-- WHAT TO PRODUCE --
Start to finish, copy the data exactly.

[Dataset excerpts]
[Start of Attachment]
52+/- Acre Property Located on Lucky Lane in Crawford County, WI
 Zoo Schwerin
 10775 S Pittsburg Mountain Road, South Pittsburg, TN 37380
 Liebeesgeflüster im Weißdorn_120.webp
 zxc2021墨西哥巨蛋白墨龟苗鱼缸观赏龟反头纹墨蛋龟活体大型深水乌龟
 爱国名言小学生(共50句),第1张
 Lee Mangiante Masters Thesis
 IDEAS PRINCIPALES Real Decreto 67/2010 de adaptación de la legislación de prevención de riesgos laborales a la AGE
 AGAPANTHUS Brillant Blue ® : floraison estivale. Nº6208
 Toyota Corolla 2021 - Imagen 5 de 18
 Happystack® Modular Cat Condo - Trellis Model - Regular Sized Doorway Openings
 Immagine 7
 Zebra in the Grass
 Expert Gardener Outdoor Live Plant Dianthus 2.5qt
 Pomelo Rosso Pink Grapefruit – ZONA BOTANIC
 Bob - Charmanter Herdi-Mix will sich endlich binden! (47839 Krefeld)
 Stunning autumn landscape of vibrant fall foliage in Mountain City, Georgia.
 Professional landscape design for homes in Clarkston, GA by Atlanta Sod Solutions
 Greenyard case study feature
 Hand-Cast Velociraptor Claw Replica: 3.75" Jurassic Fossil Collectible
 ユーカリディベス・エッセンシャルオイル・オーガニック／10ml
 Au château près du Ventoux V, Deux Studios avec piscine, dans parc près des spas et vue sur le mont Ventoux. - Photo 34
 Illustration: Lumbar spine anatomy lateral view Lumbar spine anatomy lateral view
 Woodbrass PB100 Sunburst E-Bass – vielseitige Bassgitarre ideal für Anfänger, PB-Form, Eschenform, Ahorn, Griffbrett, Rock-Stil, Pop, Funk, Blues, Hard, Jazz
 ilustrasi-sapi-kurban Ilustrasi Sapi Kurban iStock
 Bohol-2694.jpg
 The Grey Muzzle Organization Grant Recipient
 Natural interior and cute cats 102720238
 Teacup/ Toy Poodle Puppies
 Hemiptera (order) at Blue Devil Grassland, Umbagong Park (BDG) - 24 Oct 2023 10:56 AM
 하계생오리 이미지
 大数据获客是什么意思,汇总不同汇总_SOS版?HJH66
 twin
[End of Attachment]
-- WRITTEN RESPONSE --
52+/- Acre Property Located on Lucky Lane in Crawford County, WI
 Zoo Schwerin
 10775 S Pittsburg Mountain Road, South Pittsburg, TN 37380
 Liebeesgeflüster im Weißdorn_120.webp
 zxc2021墨西哥巨蛋白墨龟苗鱼缸观赏龟反头纹墨蛋龟活体大型深水乌龟
 爱国名言小学生(共50句),第1张
 Lee Mangiante Masters Thesis
 IDEAS PRINCIPALES Real Decreto 67/2010 de adaptación de la legislación de prevención de riesgos laborales a la AGE
 AGAPANTHUS Brillant Blue ® : floraison estivale. Nº6208
 Toyota Corolla 2021 - Imagen 5 de 18
 Happystack® Modular Cat Condo - Trellis Model - Regular Sized Doorway Openings
 Immagine 7
 Zebra in the Grass
 Expert Gardener Outdoor Live Plant Dianthus 2.5qt
 Pomelo Rosso Pink Grapefruit – ZONA BOTANIC
 Bob - Charmanter Herdi-Mix will sich endlich binden! (47839 Krefeld)
 Stunning autumn landscape of vibrant fall foliage in Mountain City, Georgia.
 Professional landscape design for homes in Clarkston, GA by Atlanta Sod Solutions
 Greenyard case study feature
 Hand-Cast Velociraptor Claw Replica: 3.75" Jurassic Fossil Collectible
 ユーカリディベス・エッセンシャルオイル・オーガニック／10ml
 Au château près du Ventoux V, Deux Studios avec piscine, dans parc près des spas et vue sur le mont Ventoux. - Photo 34
 Illustration: Lumbar spine anatomy lateral view Lumbar spine anatomy lateral view
 Woodbrass PB100 Sunburst E-Bass – vielseitige Bassgitarre ideal für Anfänger, PB-Form, Eschenform, Ahorn, Griffbrett, Rock-Stil, Pop, Funk, Blues, Hard, Jazz
 ilustrasi-sapi-kurban Ilustrasi Sapi Kurban iStock
 Bohol-2694.jpg
 The Grey Muzzle Organization Grant Recipient
 Natural interior and cute cats 102720238
 Teacup/ Toy Poodle Puppies
 Hemiptera (order) at Blue Devil Grassland, Umbagong Park (BDG) - 24 Oct 2023 10:56 AM
 하계생오리 이미지
 大数据获客是什么意思,汇总不同汇总_SOS版?HJH66
 twin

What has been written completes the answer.